To do ->
In the listing below, print exactly the lines between the line holding "Close-up of blue" and the line holding "Pair of Chinese", inclusive, and no more.

Record excerpts ->
*** Begin section ***
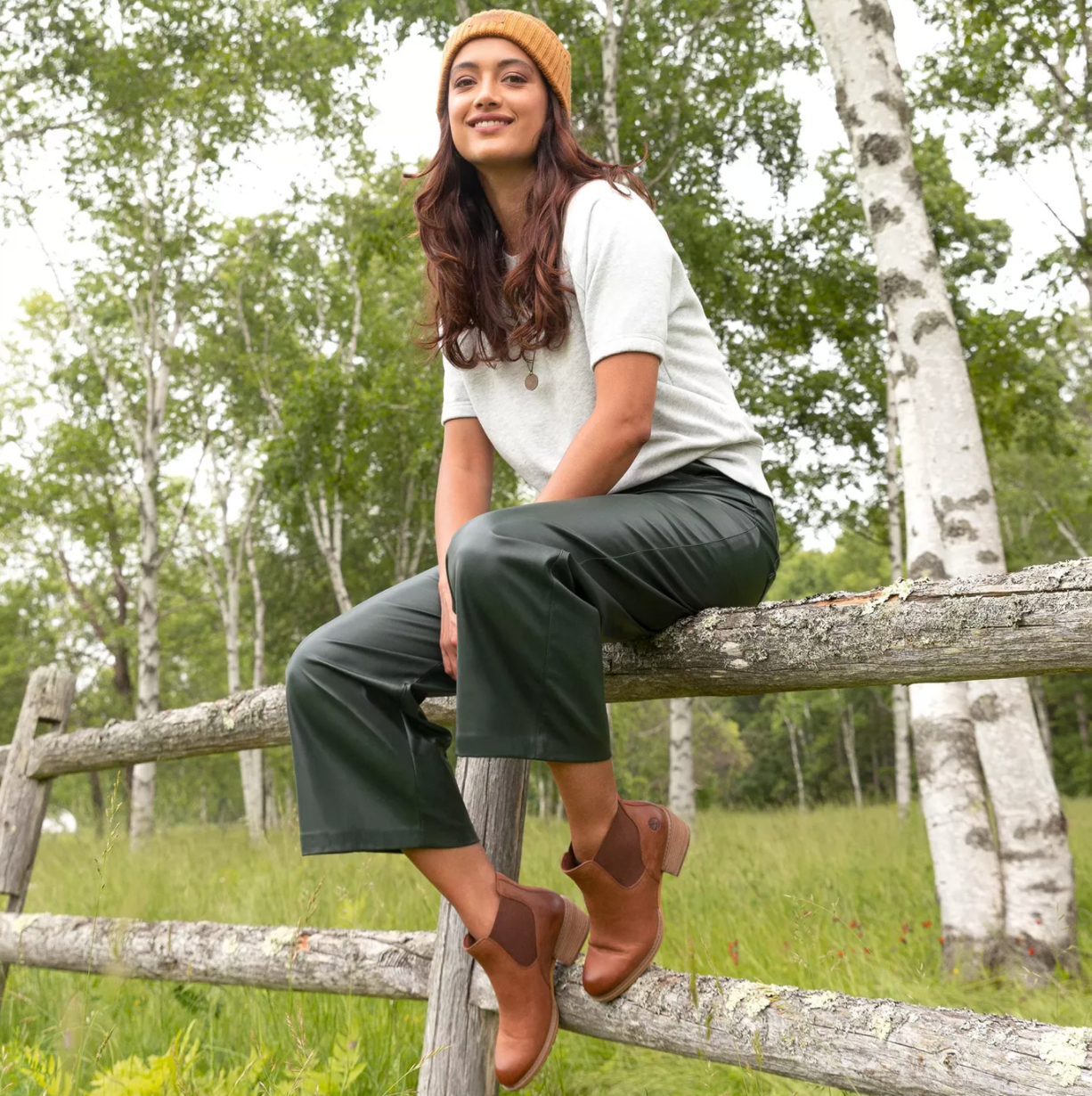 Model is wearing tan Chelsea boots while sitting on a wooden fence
*** End section ***
*** Begin section ***
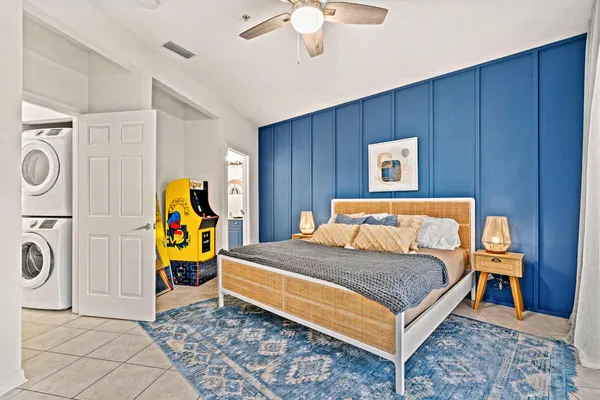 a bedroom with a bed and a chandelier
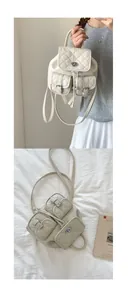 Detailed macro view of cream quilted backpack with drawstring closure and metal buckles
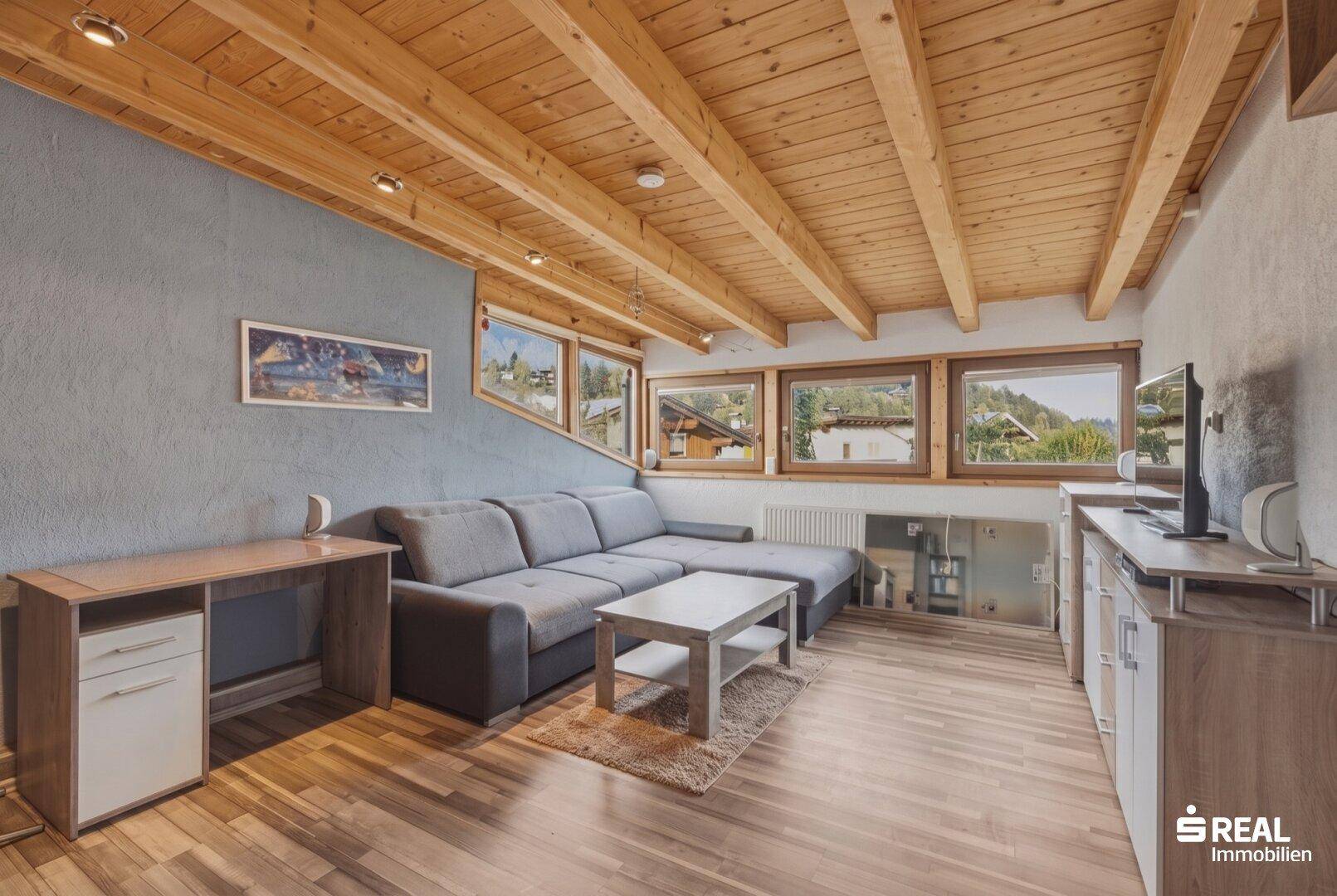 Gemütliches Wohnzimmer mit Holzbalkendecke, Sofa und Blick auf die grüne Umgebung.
*** End section ***
*** Begin section ***
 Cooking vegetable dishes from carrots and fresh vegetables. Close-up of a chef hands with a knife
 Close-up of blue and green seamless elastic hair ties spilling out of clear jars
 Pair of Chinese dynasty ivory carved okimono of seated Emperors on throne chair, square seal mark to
*** End section ***
Response for this exercise ->
 Close-up of blue and green seamless elastic hair ties spilling out of clear jars
 Pair of Chinese dynasty ivory carved okimono of seated Emperors on throne chair, square seal mark to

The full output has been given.